Chapters 2 through 5 I absolutely loved. Chapter 1 is completely forgiven. She talks about the formation of conservationist movement, and travels a fair amount of the world seeing how other countries deal with preservation of such places. She points out the problems with simply picking a date out of the calender to say what's native and not. And the mountain of evidence is undeniable. She talks about the problem of climate change, both in the past and where we're heading to some degree. This isn't the main focus of her argument though. She brings up the tough issues conservationists are faced with today, many of which don't have clear answers. What to do about invasive species, hybrid species, should we care about genetic diversity and can we care about any of these without breaking the bank? For brief moments she talks in a level of detail on par with the book "Gun's Germs and Steel," by Jared Diamond, and I enjoyed every moment of my reading. The only thing I can really fault her on is not including any pictures, anywhere in the book at all. Seriously if you're going to travel the world bring a camera!

What's wrong though is I was enjoying these chapters for reasons the author probably didn't intend. I wish her book was entirely about issues conservationists face today. Sadly it's more like plants are plants regardless of their origin and are deserving of protection (conservation?) and study regardless of where on earth they are growing.

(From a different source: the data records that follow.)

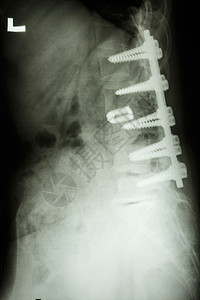 腰脊椎结冰球螺丝固定骨骼医师放射科保健药品病人诊所创伤治疗外科图片
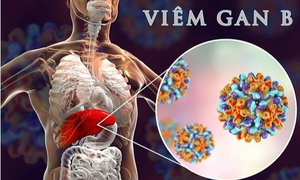 Bỏ điều trị viêm gan B mạn tính, người đàn ông nguy kịch phải ghép gan cấp cứu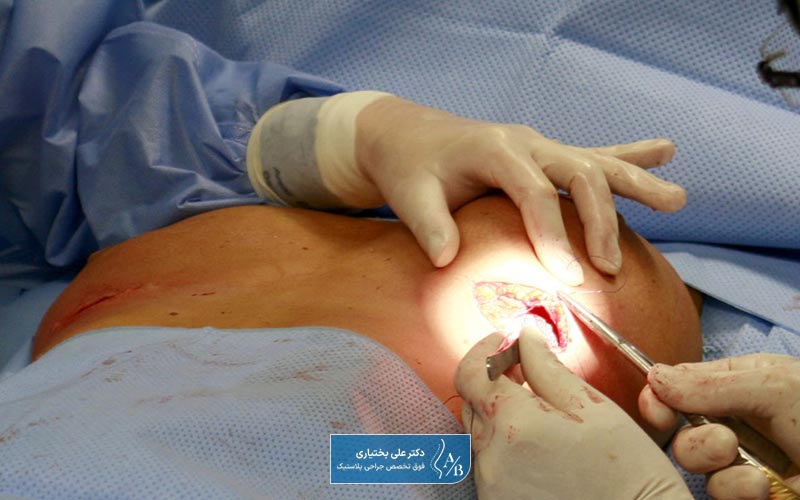 عمل ترمیمی سینه و پستان زنان چیست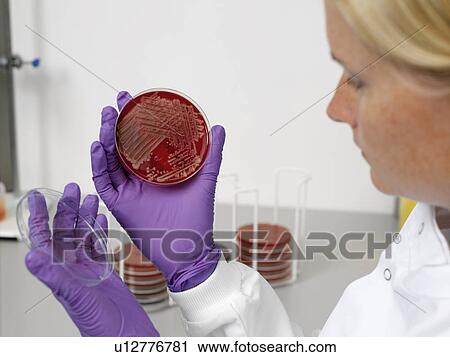 Stock Image - Bacterial contamination tests. Fotosearch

I understand and get her point, I even support it to some degree. But she seems to talk about assisted migration of endangered and threatened species as though it's the same issue as importing yet another nonnative species into the country. She mentions invasive species only cause extinctions on islands, in lakes and in fragmented forests, but completely ignores the fact most forests in North America are very fragmented. She out right uses some of the same examples used by Doug Tallamy in "Bringing Nature Home" as examples of how nonnative plants benefit the world, as opposed to how Tallamy used them to show how they don't. Did we need to import plants from Asia for erosion control? Couldn't we have found something at least on our own continent? Couldn't we have just replanted the native species that were growing there before the bulldozer removed them in the first place to cause erosion issues with the hillside? Does everyone in the world need an exotic plant collection?

I'm all for bending the rules when it comes to only planting natives but Emma never states any definition as to what she personally considers to be native. She spends too much time combing the world for examples of success stories where nonnatives, and sometimes invasives, benefited the ecosystem somehow. Birds nesting in trees isn't benefiting the ecosystem, nor is simply offering nectar. Birds will nest along skyscrapers in New York City, and next time you have a pair of foul smelling socks, go ahead and soak them in 1:1 sugar water. Hang them out to dry over the summer and count the bees, butterflies, and hummingbirds you're feeding. Who needs a forest at all when we can get the same results with sky scrapers and dirty socks?

My point is it's laughable to think a 13 page chapter on assorted exotic species from around the world is going to change anyone's mind. I'll agree many invasive, and even aggressive spreading species are mislabeled as such, but this needs to be treated on a case by case basis. Conservationists moan about Butterfly Bush but the truth seems to be only certain cultivars, and even then mostly in subtropical and tropical areas, seem to be aggressive enough to warrant the label invasive. It would have been nice to get some examples of plants that are invasive in the world (maybe something her North American audience would recognize) and visit them in their country of origin. Finding a place in the world where Kudzu or Purple Loosestrife are proudly grown in nature preserves of which they are native are the kinds of example this book needed. I think she mentions something about it when briefly talking about Rose Apple but I've never herd of that before, so again pictures would have been nice.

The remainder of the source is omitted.